Enosburg Public Library will open a new senior lounge once a week starting in June | News
ENOSBURG FALLS – From June, anyone over the age of 65 will have their own private place in the Enosburg Public Library where they can play cards, do crafts and meet friends.
“With COVID-19, we have become much more aware of how older people need the community,” said director Brenda Stanley. “We’re talking about a demographic that in many ways our community has overlooked.”
Thanks to a $3,000 Librarians Transforming Communities grant awarded in December by the American Library Association, EPL has some extra money to spend on improving its offerings. And Stanley said she wrote the grant application specifically with older people in mind.
Last week, the library invited senior members of the community to two forums on how to tailor the library’s offerings to their needs. Several seniors attended each session at 10 a.m. and 2 p.m. to share lemonade and pastries and talk about what they wanted from their library.
“Your timing couldn’t be better, Brenda,” said Betsy Reed, one of the forum attendees. “We come straight out of isolationism.
“And with the isolation, some older people will never go out again,” added Linda Epley.
Forum topics included a trade show, legal advice, fraud information and help understanding smartphones.
“I need help tech-wise,” Reed said. “I want to have a basic phone, but I don’t need Twitter or anything…I just need to be able to get one to work, and I have no idea. “
“Once in a while I take a really good picture [with my phone], but I don’t know how I did it,” Epley added. “I take a lot of photos of my shoes.”
Participants agreed that technological assistance and know-how would go a long way to increasing connection in the face of isolation, they said. They wanted to know how to put photos on their computers and print them out so they could frame them, as well as how to identify misinformation.

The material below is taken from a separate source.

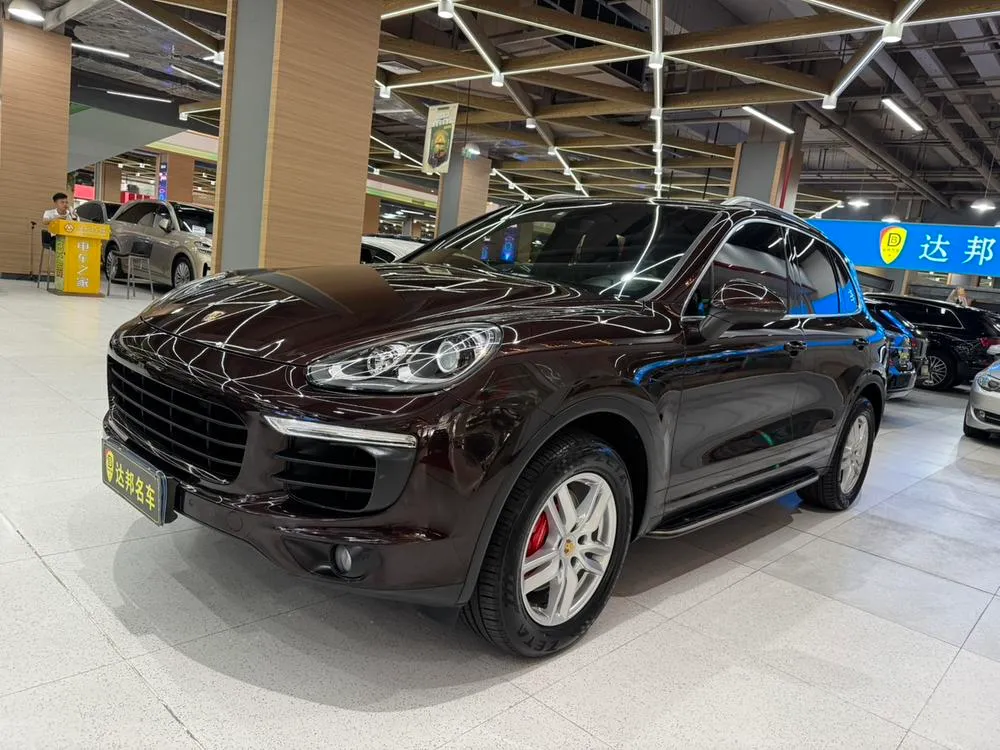 Porsche Cayenne, 2016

Reed also mentioned that she would like to learn more about other cultures and politics, and hosting speakers at the library would draw crowds. A seniors-only book club, more large-print books and film screenings would also do the trick, attendees said.
“I want to have my eyes open more often,” Reed said.
But everyone’s favorite topic was transforming the guest bedroom into a once-a-week, all-day hub where seniors could meet for coffee, Chromebooks or the TV, playing cards and sharing. potluck meals. Next month, the room will become a warm and friendly space reserved for people aged 65 and over, open one day a week. The day is still being decided, Stanley said.
Reed and Epley agreed that information from resources like Age Well would also be invaluable to local citizens, along with information about fraud and how to avoid it. There were also calls for more programming for righteous men, who — especially if widowed or single — become very lonely and stop dating more often. Stanley said the library is contacting the Vermont Department of Fish and Wildlife for programming ideas.
Stanley and Deputy Director Lisa Smith said last week’s forums were extremely helpful in gathering data on processes and the perception of their readers. They hope that people will continue to give their opinion.
Whether it’s a gardening, quilting, baking and coding club or poetry readings, EPL is constantly looking for new ways to connect its community.
For now, bibliophiles can look forward to lounging outside on the benches of the EPL while working and enjoying the flowerbeds that will soon be planted. Hopefully, with the help of additional grants, Stanley hopes for octagon-shaped picnic tables that will provide even more space for families to picnic and dive into another exciting and adventurous tale.